County goes for a $57 million budget
Maintains property-tax rate of 60 cents per $100
By NIKIE MAYO
Beaufort County commissioners voted 5-2 Tuesday to support a $57.6 million budget that includes a 4 percent pay raise for all county employees and themselves, for the fiscal year that begins July 1.
The budget, most of which goes toward the $52 million general fund to support county services and departments, maintains the property-tax rate at 60 cents per $100 valuation. It includes funding for an investigator for the Beaufort County Sheriff’s Office, $40,000 to do an efficiency audit of Beaufort County Department of Social Services and a set $12.2 million allocation for the school system.
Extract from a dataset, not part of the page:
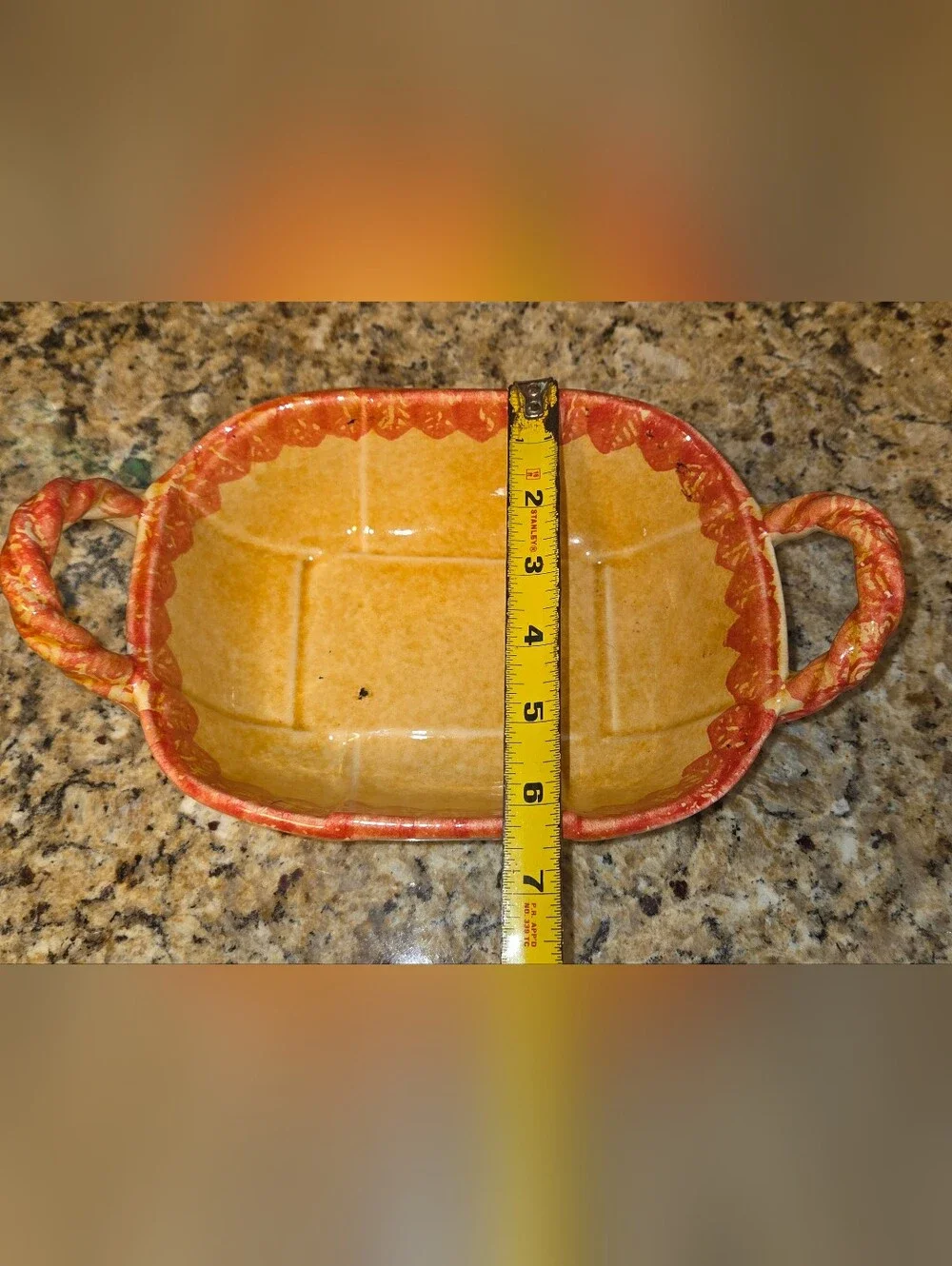 VTG EUC Italica Ars Hand Painted Italian Pottery Bowl Tuscan Landscape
Commissioners Stan Deatherage and Hood Richardson, who voted against the budget, wanted a one-time, 5-cent cut to the property-tax rate. They said the county could use more of its reserve funds to support a one-year tax cut.
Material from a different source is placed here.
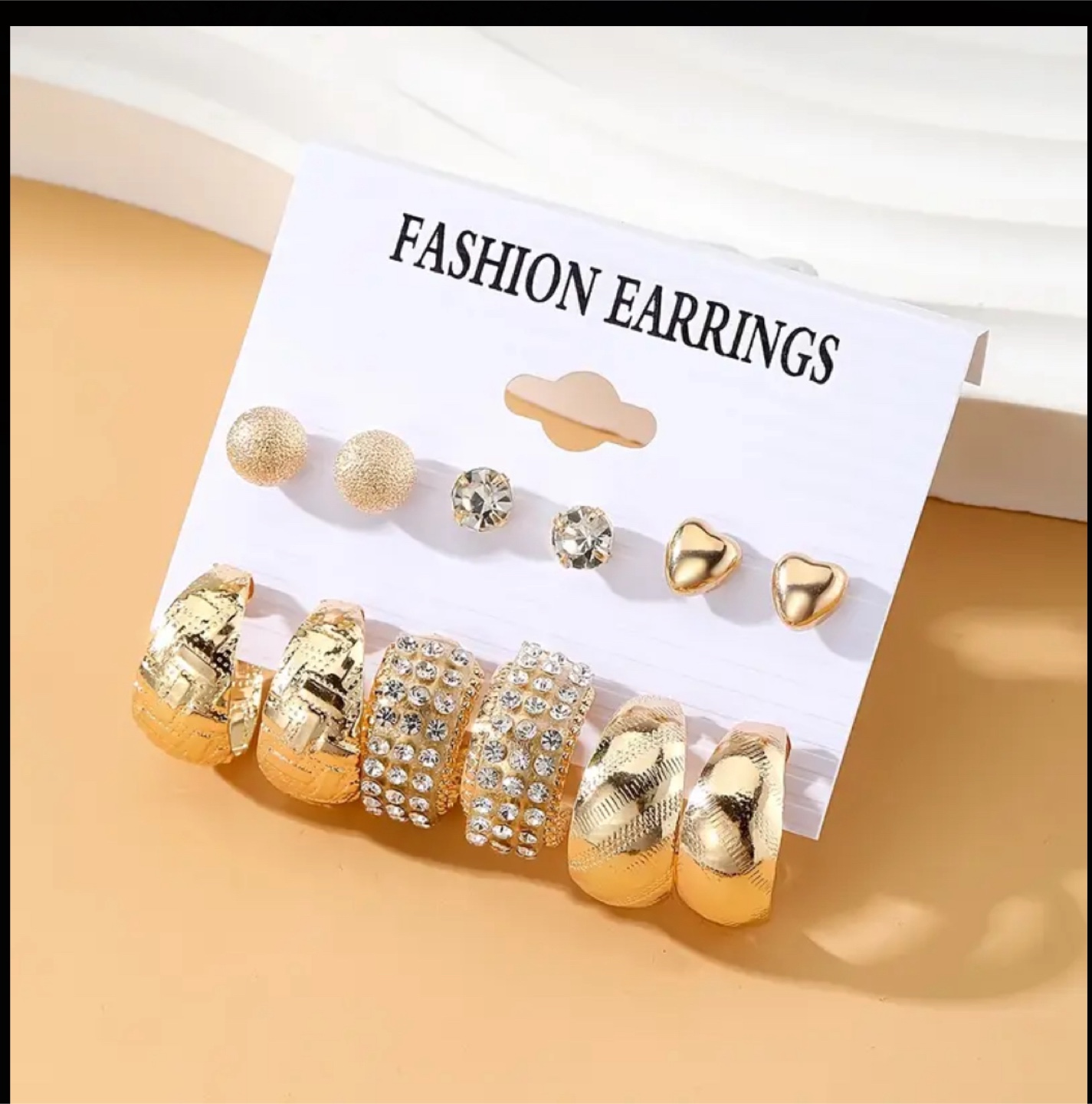 Fashion Earrings - Gold Tone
But other commissioners believed such a cut would prove too costly in the long run, particularly because County Manager Paul Spruill’s “three-year forecast” calls for increasing property taxes by 2 cents in that period to offset revaluation shock and other expenses. The county will also soon incur debt to build a new jail, Spruill said.
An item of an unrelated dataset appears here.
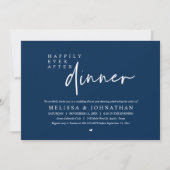 Nog lang en gelukkig na het huwelijksdiner kaart (Voorkant)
Spruill proposed a 3 percent pay increase for county employees, but Commissioner Jerry Langley upped it to 4 percent.
Richardson made the motion to up commissioners’ pay by the same amount, which equates to about $2,100 total to cover all seven of them. Richardson said upping the pay would yield “a better quality of candidate.”
Commissioners also approved a study of their salaries to see how their pay stacks up to that of other county leaders. That study is free to do, Spruill said.
The enterprise fund, which holds funds for the county’s water districts, accounts for $5.2 million of the overall budget. That fund is supposed to be a self-supporting one. Commissioners approved upping water rates for five of the seven districts, increasing rates in most of them by 8 percent, or about $2. In the Bath and Pantego districts, commissioners increased water rates by about 12 percent — about $3 — instead of implementing 2-cent tax hikes in those areas.
Commissioners also approved $349, 503 for the county’s economic-development efforts. Economic development is funded by the county, the City of Washington and each Beaufort County town.
Commissioners will formally adopt the budget ordinance for fiscal year 2007-2008 at their next regular meeting, which is set for July 2 at the Beaufort County Courthouse.